E, se a tentativa de estabelecer parâmetros “científicos” falhar, entram em cena outras falácias desumanizadoras, como estabelecer uma distinção filosófica entre “vida humana” e “pessoa humana”, admitindo-se que o embrião ou o feto são de fato vida humana, mas que por algum motivo – sempre arbitrário – não seriam pessoas, e por isso deveriam ser menos dignos de proteção, ou até mesmo nada dignos de proteção. Para isso, no entanto, é preciso esconder um fato que a boa antropologia filosófica atesta: que o nascituro nunca é um algo, mas um alguém, um ser humano desde seu primeiro momento. É por isso que bioeticistas comprometidos com a cultura da morte recorrem, em uma tentativa final de desumanização do embrião ou do feto, a conceitos como o de “senso da própria existência”, para usar as palavras do australiano Peter Singer ao defender uma ideia ainda mais macabra: a de que “matar um recém-nascido nunca é equivalente a matar uma pessoa”.

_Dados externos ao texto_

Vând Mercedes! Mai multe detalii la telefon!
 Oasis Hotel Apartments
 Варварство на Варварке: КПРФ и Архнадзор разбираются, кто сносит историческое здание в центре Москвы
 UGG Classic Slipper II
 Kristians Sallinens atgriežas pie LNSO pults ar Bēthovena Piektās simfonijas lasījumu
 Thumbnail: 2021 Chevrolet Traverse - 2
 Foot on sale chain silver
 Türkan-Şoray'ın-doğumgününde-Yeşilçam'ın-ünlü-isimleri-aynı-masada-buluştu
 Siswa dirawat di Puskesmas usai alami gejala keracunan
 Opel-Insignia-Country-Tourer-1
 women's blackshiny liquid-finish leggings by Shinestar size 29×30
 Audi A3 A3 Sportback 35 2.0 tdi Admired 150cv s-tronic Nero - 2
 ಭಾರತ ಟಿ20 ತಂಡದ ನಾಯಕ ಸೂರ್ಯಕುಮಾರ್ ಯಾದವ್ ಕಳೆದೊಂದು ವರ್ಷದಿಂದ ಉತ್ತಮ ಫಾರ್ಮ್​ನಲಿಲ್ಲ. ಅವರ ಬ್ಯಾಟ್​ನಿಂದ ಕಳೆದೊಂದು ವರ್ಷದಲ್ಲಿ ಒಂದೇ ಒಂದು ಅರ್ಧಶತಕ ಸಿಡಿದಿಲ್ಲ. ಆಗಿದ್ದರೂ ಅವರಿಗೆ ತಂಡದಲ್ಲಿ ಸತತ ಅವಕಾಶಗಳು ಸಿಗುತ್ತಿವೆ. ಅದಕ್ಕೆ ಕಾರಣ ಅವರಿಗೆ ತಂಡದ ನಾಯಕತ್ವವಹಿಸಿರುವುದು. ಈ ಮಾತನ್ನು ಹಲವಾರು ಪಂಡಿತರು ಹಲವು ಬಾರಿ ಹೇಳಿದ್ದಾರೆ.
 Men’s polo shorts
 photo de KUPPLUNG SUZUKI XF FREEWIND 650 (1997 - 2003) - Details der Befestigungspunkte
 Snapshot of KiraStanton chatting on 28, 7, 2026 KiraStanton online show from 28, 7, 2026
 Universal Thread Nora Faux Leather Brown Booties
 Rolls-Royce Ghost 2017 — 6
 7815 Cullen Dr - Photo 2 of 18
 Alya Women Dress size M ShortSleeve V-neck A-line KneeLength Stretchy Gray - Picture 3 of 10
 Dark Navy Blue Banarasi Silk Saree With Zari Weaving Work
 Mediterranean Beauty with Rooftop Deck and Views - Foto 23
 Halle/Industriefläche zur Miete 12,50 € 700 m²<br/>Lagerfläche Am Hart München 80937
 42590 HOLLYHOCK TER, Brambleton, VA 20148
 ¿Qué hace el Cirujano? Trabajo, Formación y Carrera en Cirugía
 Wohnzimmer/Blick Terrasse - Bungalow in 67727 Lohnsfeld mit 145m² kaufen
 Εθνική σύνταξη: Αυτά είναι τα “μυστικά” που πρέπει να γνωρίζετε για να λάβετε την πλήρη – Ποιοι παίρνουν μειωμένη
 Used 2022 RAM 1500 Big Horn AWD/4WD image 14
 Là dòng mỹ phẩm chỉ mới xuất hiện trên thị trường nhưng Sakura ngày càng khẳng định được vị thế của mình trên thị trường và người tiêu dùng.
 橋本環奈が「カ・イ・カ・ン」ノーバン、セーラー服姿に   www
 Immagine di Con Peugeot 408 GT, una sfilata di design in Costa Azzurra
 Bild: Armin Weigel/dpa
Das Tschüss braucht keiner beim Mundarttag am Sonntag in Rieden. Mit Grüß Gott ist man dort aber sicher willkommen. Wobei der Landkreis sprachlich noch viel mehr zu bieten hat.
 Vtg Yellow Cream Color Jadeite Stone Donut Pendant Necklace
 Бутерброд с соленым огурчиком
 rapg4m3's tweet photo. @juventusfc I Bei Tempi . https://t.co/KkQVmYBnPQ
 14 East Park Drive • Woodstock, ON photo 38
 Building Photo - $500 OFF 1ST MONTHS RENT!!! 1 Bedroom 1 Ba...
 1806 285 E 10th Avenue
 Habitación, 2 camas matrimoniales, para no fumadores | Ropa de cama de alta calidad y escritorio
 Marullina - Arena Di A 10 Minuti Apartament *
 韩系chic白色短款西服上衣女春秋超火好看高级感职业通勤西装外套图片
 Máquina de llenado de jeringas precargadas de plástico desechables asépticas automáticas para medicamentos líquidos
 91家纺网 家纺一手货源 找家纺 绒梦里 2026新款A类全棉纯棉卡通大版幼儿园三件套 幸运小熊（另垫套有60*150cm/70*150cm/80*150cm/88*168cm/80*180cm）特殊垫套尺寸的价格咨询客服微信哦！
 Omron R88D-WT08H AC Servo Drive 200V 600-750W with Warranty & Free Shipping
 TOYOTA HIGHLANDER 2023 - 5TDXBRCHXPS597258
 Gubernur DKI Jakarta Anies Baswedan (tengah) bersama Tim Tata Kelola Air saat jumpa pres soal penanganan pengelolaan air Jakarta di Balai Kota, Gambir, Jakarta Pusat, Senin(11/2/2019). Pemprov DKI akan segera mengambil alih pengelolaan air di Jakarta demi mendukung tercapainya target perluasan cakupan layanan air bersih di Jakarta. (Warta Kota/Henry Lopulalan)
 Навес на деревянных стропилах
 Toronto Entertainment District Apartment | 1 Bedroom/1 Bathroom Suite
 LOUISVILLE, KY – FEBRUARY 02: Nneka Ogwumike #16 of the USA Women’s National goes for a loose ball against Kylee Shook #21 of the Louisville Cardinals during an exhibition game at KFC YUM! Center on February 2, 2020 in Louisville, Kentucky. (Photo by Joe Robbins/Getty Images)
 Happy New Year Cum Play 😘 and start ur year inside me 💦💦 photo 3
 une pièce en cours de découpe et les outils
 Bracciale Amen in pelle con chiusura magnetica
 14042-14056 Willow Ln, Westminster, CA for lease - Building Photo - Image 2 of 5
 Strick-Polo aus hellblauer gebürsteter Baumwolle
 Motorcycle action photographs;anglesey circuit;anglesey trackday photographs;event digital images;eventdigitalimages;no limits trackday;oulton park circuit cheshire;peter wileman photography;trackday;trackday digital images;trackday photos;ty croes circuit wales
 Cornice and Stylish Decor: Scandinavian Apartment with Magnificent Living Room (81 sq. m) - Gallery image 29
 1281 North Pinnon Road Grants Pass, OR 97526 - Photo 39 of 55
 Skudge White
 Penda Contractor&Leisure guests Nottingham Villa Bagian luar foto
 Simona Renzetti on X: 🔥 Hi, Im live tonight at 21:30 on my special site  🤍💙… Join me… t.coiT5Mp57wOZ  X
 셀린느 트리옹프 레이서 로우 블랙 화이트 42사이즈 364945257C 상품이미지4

Com o embrião ou feto devidamente privado do reconhecimento de sua humanidade e sua dignidade intrínseca, as portas estão abertas para o vale-tudo. Assim, o aborto pode deixar de ser reconhecido como um mal que é preciso tolerar, seja lá por que razões, para se tornar coisa mais corriqueira: uma afirmação jubilosa – e as celebrações na França, como também já havia ocorrido na Irlanda ou na Argentina quando da legalização naqueles países, bem o demonstram – da autonomia da mulher, que passa a ser o único critério válido. É como se exprime, por exemplo, o atual presidente do STF, Luís Roberto Barroso, que em 2018 respondia à ativista pró-vida (e hoje deputada federal) Chris Tonietto nos seguintes termos: “Admitindo que haja vida – e, portanto, trabalhando sobre a sua premissa –, se você se mover, como eu me movo, por uma ética kantiana, e se a sua vida depende do sacrifício da minha liberdade individual, e eu não quero sacrificar minha liberdade individual, você perde” – no caso, perde a vida, que fique bem claro.
Dias atrás, tratamos como “barbárie” a postura de optar pela eliminação deliberada de um bebê que já chegou a um estágio de desenvolvimento que lhe permitiria alguma chance de sobrevivência fora do útero. Mas é igualmente bárbaro retirar de um ser humano, independentemente de sua idade gestacional, sua dignidade intrínseca e cristalizar na lei maior de um país a possibilidade de seu extermínio como um direito. Não há verniz de civilização ou prosperidade material que sejam capazes de esconder o apodrecimento moral de uma sociedade que trata dessa forma os mais indefesos e inocentes entre os seres humanos.